There is a FRACTION field that is probably meant to be used for the fractional and letter additions to the street number, but it also contains a few trash items like period, square bracket, and slash. Sometimes it matches the extra stuff that appeared in the number field, but not always.
The directional PREFIX field is pretty good, a few entries in lower case, so those can be easily corrected, and one entry of “C”, which is simply set to blank.
Now it gets much more interesting. How do we find mistakes in the street names?
Look at low occurrence names.
- names that occur only once
- update names that are < 1060 ft from a 1 char change in 3 names in the zip
- then 2 character changes < 300 feet with >= 5 names in zip
- then 3 character changes < 300 feet with >= 9 names in zip
- names that occur twice
- update names that are < 500 ft from a 1 char change in 8 names in the zip
Because we will look for nearby names that are just one character different from our names that occur only once or twice, we also will have to exclude a few names that this would not work for.
- Names of three letters or less
- Names like “A STREET” or “B STREET”
- Names like “14TH”, “15TH”, etc.
- County Roads (CR 234, CR 235, etc.)
Also corrected a number of special cases, ST changed to SAINT, SQ changed to SQUARE to enforce some sort of consistency. In total, 1,719 street names were changed. Many of those were cases where the road type was repeated in the street name, e.g., BLACK FALCON RD instead of BLACK FALCON with a type of RD.
Compared street types to the standard USPS list, plus the Houston specific SPWY designation used only for Buffalo Speedway, and corrected them.
For street types of blank, looked at other streets with the same name in the zip code and if there were more than 9 addresses, replaced the blank with the appropriate type, if there was only one choice. I ignored types of CT, CIR, and PL since those were likely to get it wrong.
Changed 109 street type fields to blank, and changed from blank to a street type for 2,122 records.
For directional prefixes, a similar strategy. 24 prefixes were set to blank, and 714 blank prefixes were updated to something else.
All the records have what appear to be well-behaved lat/long values. There are also X-Y coordinates, with some of those being bogus. There are 201 obviously bad Y coordinates. The bad Y coordinates were replaced by reprojecting the Lat-Longs.

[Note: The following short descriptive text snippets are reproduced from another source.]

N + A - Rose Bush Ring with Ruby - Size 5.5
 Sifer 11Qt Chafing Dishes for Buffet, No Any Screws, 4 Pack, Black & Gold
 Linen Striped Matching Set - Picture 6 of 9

Checked the zip codes against the 2019 zip code polygon file. Looked at the data at the same address and looked for duplicate addresses that had unreasonably large distances between them.
Fourteen records mismatched so badly that they were deleted. Mostly from 77040 curiously enough.
Corrected the zip code for 34 records.
Went back and looked at streets where within a zip, there were 5 times as many records with a prefix as there were with blank prefix. For each blank prefix, if there were 5 or more non-blank prefixes within 300 feet, then update it. There were 577 of those updates. Then looked at 10 or more neighbors within 500 feet, and that caught another 111 records.
Finally there were a few manual corrections applied. Prominent among these was Martin Luther King Jr, which was mostly lacking the Jr.
To simplify things a bit, I decided that housing complexes of various sorts that have the same street address (maybe only distinguished by unit numbers) will be combined to a single address location. So as the final step, all records with identical addresses had their locations averaged. These I call my geocoding locations. And then, finally, I converted that dataframe into a data table which will allow much faster searches to be made later on.
In total, there were 6,423 corrections of various sorts made, which out of 1.5 million records is amazingly small. This is a very clean dataset. Now I did take a pretty conservative approach, I know that there are still errors that I did not correct, probably another 6,000 or so, but that is still pretty good. Good enough, in my estimation.